**ACTIVITY:**
Under this line are the records; write out word for word the part that begins at the line containing "Тормозной путь, CAMRY, BMW, OPEL" and ends at the line containing "2309 Stewart Street Fuquay Varina NC 27526", and no more.

**EXTRACTED RECORDS:**
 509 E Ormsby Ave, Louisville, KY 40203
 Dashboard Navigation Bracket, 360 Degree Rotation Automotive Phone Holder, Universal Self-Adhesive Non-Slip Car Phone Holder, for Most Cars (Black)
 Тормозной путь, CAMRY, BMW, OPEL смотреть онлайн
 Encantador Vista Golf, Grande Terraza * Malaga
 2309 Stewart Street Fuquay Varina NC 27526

...

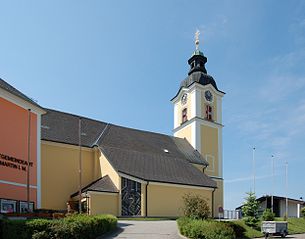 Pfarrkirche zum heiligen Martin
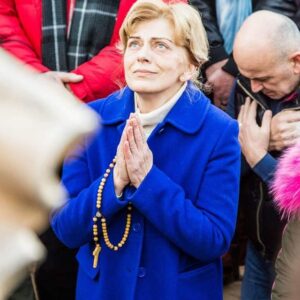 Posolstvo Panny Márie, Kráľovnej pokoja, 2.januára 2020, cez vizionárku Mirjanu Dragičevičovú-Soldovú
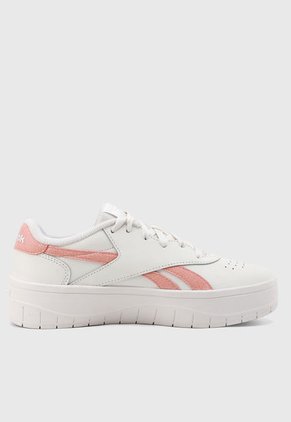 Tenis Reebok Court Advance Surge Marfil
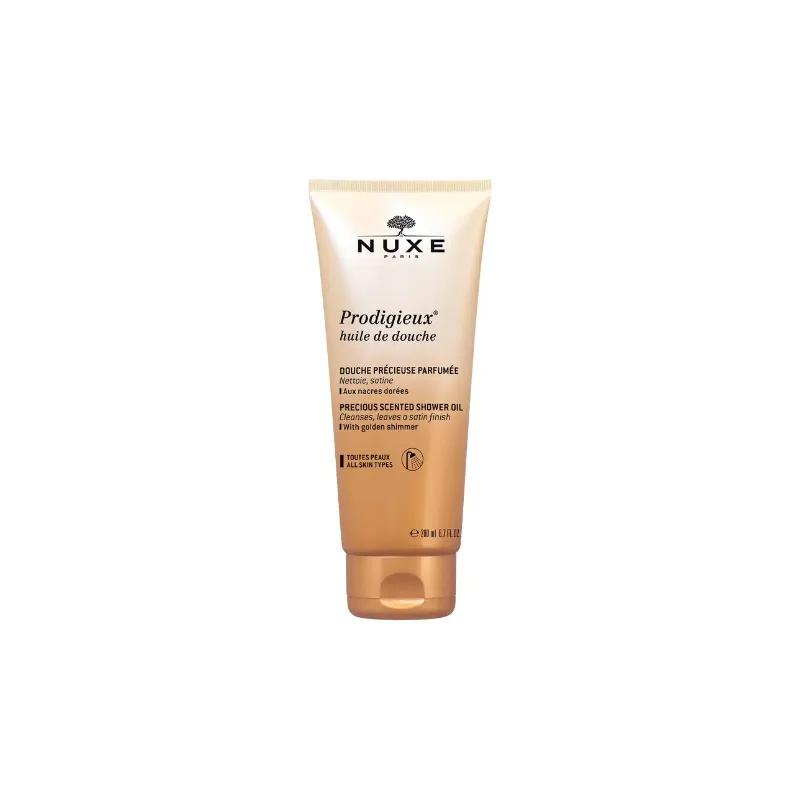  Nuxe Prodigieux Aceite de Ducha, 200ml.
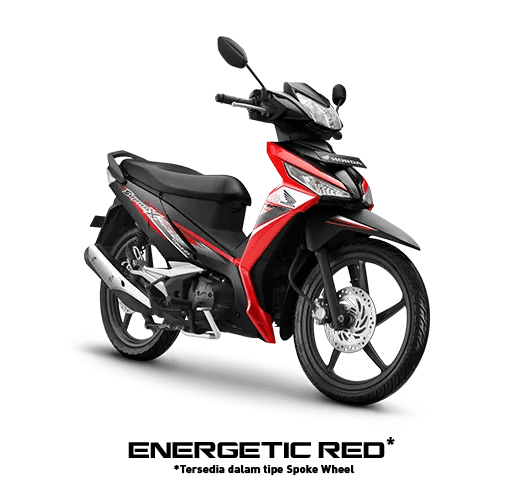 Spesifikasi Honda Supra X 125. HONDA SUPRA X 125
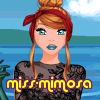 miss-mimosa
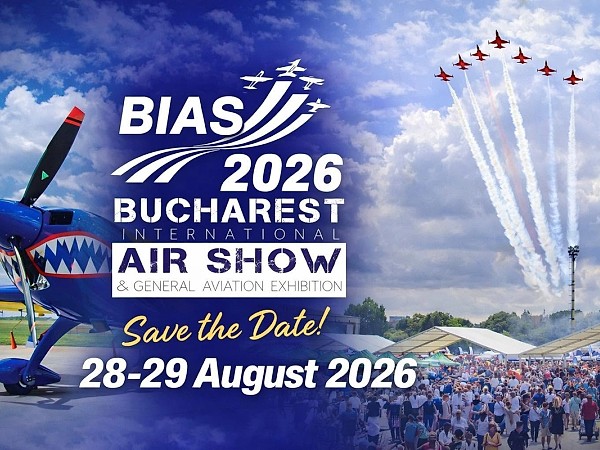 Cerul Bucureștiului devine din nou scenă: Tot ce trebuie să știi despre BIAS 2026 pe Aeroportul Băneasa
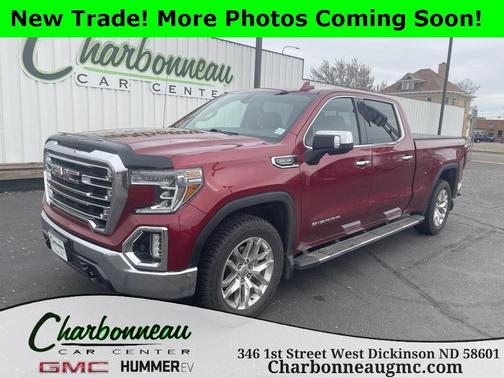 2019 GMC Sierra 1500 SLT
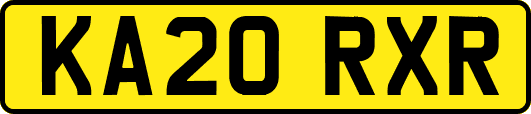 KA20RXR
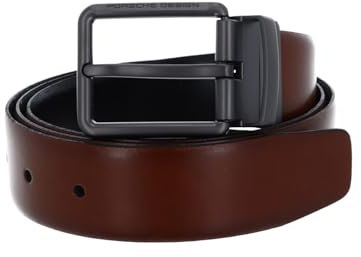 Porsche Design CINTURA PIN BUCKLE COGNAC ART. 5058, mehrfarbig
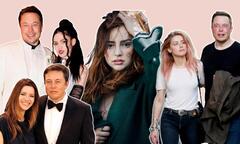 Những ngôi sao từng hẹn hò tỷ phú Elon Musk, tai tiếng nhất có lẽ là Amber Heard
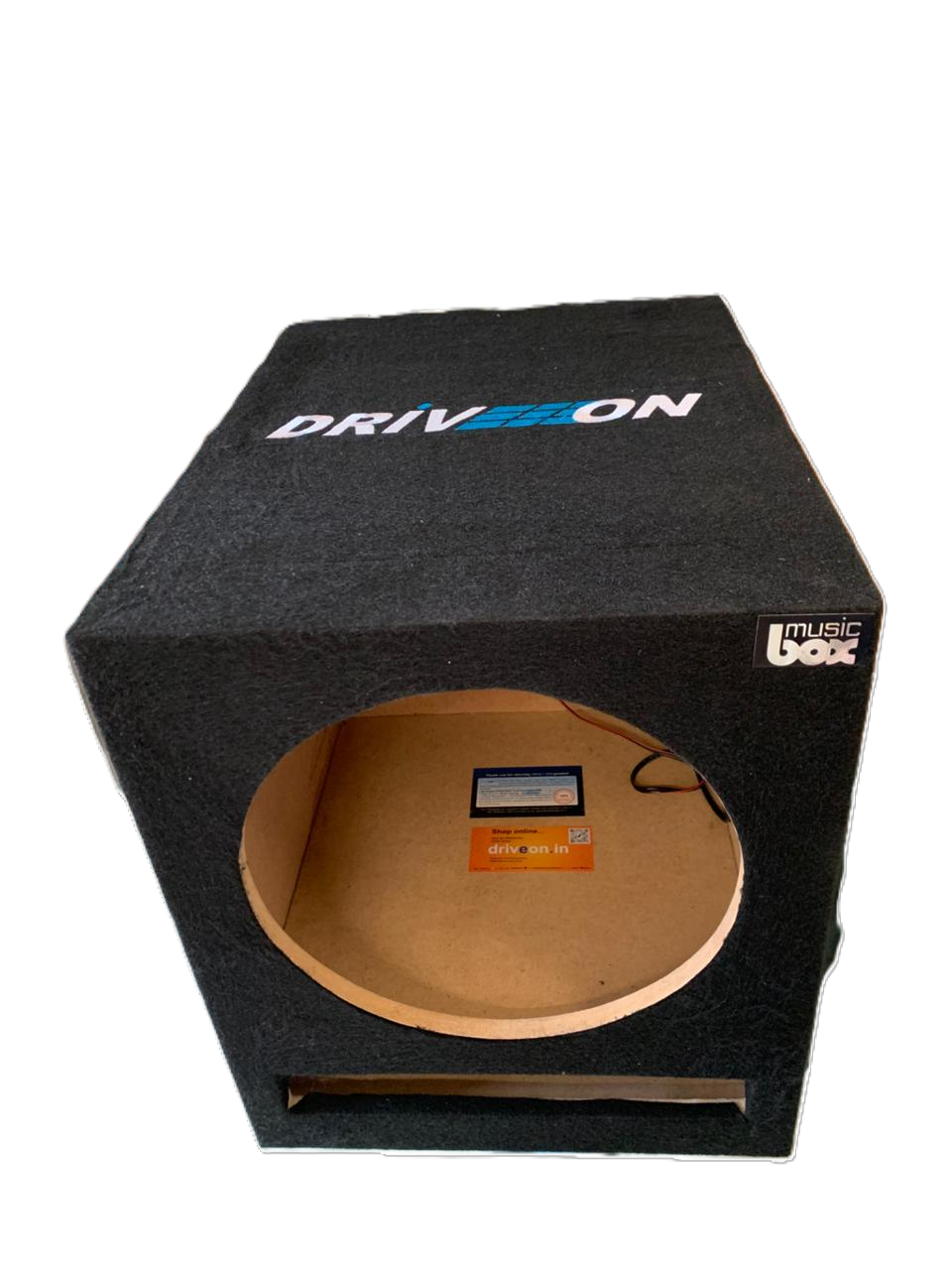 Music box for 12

* * *

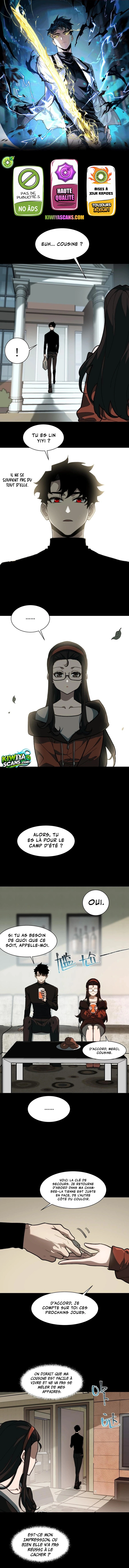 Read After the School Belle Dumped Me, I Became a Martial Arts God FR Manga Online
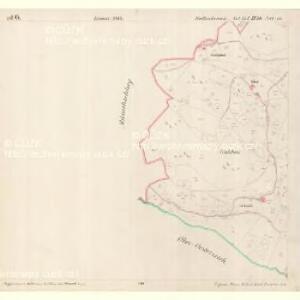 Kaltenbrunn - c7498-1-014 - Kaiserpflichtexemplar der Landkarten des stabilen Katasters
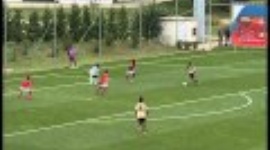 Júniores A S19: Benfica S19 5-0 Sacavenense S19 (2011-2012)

**ANSWER BELOW:**
 Тормозной путь, CAMRY, BMW, OPEL смотреть онлайн
 Encantador Vista Golf, Grande Terraza * Malaga
 2309 Stewart Street Fuquay Varina NC 27526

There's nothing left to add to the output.